Journal of Computational Finance

Risk.net

Extremiles, quantiles and expectiles in the tails

Marilena Furno

  • The paper looks at the behavior of tail estimators for linear regression and compares their performance in the far tails of the conditional distribution of the dependent variable.
  • Quantiles, expectiles and extremiles are compared and analyzed in a simulation study and with real data sets. Each estimator has its advantages and its shortfalls.
  • The case studies show that extremiles and quantiles are close to one another, with the former amplifying the latter. The expectile estimates are more erratic since this estimator is particularly affected by outliers.

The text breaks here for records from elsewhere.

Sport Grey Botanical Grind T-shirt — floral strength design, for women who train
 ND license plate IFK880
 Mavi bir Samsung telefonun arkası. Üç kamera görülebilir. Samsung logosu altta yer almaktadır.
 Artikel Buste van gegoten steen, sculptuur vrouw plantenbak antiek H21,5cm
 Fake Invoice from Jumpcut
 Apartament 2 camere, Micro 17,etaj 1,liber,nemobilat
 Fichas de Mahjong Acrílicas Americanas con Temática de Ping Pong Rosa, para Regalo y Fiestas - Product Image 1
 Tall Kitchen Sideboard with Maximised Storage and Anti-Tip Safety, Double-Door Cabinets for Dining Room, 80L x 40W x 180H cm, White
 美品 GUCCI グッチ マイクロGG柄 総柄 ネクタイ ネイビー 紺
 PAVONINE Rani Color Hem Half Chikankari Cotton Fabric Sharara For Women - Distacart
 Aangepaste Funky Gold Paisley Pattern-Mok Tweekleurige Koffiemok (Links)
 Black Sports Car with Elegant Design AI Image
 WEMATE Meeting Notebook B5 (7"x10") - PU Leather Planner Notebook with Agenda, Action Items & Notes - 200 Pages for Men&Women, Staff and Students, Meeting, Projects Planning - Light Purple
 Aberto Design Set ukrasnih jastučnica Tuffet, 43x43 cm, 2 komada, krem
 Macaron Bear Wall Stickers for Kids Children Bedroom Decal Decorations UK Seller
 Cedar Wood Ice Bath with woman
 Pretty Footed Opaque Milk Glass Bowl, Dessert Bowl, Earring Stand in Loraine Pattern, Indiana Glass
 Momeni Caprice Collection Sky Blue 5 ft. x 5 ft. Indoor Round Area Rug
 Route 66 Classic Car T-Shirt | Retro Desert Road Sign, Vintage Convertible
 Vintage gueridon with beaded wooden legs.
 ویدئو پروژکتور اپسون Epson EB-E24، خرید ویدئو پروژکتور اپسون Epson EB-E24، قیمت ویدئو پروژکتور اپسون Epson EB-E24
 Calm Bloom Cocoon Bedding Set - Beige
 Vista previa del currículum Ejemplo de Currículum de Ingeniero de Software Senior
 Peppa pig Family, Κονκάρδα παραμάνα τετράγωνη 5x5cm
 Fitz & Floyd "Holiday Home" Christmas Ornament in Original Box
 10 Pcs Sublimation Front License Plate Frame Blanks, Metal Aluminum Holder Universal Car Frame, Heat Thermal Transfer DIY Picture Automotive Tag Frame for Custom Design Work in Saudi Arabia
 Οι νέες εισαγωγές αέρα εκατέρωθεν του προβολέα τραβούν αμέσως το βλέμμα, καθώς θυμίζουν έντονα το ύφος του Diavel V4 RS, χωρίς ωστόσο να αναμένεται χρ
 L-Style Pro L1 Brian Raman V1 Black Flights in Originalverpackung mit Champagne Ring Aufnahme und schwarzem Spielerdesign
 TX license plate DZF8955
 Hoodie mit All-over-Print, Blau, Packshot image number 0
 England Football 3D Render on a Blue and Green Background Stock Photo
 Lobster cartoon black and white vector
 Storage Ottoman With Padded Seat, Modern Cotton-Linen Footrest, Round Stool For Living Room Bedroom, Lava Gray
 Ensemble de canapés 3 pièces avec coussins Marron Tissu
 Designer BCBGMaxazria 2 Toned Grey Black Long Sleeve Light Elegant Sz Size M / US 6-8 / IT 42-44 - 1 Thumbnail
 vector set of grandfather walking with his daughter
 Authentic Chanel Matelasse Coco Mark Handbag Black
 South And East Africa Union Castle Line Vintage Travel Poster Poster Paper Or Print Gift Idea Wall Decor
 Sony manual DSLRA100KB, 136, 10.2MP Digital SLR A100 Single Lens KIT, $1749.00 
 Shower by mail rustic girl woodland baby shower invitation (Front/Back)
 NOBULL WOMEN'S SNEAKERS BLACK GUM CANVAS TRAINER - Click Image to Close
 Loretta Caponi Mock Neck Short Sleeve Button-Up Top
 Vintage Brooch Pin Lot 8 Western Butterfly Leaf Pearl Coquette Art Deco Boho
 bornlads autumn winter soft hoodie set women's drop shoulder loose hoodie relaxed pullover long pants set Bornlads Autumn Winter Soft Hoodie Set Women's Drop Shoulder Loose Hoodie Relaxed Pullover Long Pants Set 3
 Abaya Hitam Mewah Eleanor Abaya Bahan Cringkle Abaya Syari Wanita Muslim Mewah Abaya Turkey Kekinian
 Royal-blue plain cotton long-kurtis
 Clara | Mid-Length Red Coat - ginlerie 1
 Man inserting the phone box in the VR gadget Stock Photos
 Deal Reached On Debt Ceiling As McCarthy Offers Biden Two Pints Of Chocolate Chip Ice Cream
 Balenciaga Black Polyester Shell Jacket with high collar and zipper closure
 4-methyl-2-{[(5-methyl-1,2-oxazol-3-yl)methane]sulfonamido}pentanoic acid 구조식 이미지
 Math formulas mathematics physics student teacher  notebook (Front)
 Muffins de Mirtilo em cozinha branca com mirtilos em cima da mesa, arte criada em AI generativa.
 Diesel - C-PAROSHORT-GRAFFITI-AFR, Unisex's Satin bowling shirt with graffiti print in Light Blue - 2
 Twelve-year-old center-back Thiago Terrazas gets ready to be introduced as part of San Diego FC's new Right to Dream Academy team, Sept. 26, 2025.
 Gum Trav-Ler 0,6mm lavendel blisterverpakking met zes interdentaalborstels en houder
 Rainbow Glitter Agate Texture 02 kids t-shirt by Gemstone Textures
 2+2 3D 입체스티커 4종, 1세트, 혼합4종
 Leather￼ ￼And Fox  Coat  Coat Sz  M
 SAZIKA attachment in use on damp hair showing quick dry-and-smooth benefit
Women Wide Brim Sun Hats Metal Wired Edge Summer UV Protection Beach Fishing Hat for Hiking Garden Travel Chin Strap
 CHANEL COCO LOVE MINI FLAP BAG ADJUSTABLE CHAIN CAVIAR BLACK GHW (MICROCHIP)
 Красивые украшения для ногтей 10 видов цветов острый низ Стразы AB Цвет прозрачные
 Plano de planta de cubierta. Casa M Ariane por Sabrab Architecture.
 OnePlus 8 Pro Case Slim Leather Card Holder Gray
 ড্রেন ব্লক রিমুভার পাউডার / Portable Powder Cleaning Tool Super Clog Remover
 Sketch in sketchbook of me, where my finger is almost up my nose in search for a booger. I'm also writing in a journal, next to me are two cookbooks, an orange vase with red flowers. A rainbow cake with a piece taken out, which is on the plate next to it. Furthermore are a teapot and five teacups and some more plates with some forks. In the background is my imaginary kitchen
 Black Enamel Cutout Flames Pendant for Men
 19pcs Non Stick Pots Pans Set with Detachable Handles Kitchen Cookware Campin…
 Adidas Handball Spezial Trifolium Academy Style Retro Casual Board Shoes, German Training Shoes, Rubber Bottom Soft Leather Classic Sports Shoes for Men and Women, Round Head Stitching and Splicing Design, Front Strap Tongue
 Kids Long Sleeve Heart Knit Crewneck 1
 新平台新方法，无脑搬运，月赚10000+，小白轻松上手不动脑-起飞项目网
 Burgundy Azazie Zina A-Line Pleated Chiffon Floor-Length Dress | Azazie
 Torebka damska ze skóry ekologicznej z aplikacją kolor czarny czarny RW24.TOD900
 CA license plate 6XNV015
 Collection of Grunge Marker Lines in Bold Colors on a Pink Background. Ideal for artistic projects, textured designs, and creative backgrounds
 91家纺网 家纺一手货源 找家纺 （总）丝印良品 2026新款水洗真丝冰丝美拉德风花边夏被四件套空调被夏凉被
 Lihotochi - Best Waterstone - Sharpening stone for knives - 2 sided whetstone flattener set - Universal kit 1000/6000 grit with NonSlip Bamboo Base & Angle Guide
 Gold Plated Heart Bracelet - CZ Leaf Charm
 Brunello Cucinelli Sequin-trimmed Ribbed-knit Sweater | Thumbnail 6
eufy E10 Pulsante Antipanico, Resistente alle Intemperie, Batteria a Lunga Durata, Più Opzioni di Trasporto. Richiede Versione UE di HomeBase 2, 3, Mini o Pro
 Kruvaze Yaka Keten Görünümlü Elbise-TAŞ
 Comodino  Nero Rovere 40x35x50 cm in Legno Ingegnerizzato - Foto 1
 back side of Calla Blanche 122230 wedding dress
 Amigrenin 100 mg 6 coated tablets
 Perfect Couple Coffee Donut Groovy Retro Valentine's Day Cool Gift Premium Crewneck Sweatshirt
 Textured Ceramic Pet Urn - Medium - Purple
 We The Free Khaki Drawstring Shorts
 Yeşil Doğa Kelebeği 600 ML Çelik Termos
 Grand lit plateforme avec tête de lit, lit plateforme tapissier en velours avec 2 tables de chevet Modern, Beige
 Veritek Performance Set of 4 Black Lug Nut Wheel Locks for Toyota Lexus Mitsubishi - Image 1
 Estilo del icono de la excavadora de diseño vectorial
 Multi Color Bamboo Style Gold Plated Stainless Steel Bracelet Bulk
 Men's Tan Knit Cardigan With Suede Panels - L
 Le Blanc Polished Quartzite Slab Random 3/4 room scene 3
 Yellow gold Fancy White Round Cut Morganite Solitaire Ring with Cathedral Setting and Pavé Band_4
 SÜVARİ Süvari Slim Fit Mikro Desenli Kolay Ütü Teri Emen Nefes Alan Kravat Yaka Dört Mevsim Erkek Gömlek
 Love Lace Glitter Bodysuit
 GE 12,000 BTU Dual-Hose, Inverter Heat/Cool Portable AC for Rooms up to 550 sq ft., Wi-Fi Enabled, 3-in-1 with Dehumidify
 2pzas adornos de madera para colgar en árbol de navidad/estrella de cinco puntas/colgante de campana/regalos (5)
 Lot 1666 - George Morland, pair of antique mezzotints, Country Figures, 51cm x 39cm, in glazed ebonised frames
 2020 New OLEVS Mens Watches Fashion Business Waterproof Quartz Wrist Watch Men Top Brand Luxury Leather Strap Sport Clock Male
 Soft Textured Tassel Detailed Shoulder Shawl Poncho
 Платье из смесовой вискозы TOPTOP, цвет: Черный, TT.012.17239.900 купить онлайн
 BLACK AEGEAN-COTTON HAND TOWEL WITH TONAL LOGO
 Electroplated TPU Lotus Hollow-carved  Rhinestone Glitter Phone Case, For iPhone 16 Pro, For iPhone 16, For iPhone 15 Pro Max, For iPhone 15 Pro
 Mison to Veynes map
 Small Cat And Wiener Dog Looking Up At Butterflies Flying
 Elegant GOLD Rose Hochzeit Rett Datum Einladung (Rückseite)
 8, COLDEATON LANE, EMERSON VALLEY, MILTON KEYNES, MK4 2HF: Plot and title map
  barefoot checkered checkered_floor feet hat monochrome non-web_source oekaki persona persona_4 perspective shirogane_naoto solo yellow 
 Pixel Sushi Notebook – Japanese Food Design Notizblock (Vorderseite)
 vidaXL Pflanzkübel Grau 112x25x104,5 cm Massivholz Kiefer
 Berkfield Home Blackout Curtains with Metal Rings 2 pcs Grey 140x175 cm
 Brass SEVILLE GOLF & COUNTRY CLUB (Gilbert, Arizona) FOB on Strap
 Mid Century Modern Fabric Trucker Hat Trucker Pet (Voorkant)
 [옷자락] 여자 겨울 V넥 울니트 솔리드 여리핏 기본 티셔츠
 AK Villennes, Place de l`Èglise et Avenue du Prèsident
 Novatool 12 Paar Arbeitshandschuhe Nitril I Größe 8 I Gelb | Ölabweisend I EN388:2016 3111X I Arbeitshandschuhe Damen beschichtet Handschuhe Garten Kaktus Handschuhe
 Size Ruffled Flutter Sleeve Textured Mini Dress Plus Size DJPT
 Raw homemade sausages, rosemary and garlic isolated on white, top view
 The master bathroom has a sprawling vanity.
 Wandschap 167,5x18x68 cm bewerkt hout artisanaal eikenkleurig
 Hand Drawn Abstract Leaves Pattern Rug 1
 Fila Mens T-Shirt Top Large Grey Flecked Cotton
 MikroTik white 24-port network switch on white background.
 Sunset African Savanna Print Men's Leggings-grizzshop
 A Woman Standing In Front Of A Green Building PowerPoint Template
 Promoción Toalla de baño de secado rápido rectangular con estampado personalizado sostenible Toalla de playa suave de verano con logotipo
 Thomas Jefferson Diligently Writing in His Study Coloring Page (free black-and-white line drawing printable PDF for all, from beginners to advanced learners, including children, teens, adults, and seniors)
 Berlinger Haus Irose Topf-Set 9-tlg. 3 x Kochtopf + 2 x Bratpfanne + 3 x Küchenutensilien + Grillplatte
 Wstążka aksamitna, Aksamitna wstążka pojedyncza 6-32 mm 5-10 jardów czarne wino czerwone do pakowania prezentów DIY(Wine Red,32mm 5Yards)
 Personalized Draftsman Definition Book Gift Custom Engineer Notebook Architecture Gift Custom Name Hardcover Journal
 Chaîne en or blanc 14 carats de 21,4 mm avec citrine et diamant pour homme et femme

Quantiles and expectiles analyze the regression model not only at the mean but also in the tails. Financial losses, medical insurance, auction bids, insurance claims and toxicity limits are all areas where it is relevant to analyze the model far from its average behavior. The extremile, another estimator designed to investigate the linear regression in the tails, is considered in this paper. The performance of these three estimators depends on the shape of the error distribution, particularly when looking at the far tails of the conditional distribution of the dependent variable. Our simulations consider skewed, contaminated and heteroscedastic error distributions. Contamination and heteroscedasticity greatly perturb these estimators (particularly the quantiles and expectiles) in the tails. Extremiles present the smallest mean absolute errors in cases of contamination and heteroscedasticity as well as the smallest expected shortfall in all the experiments. The quantile estimator systematically overestimates the selected location of the dependent variable in all the experiments and yields the largest expected shortfall. Two case studies analyzing real data complete our analysis.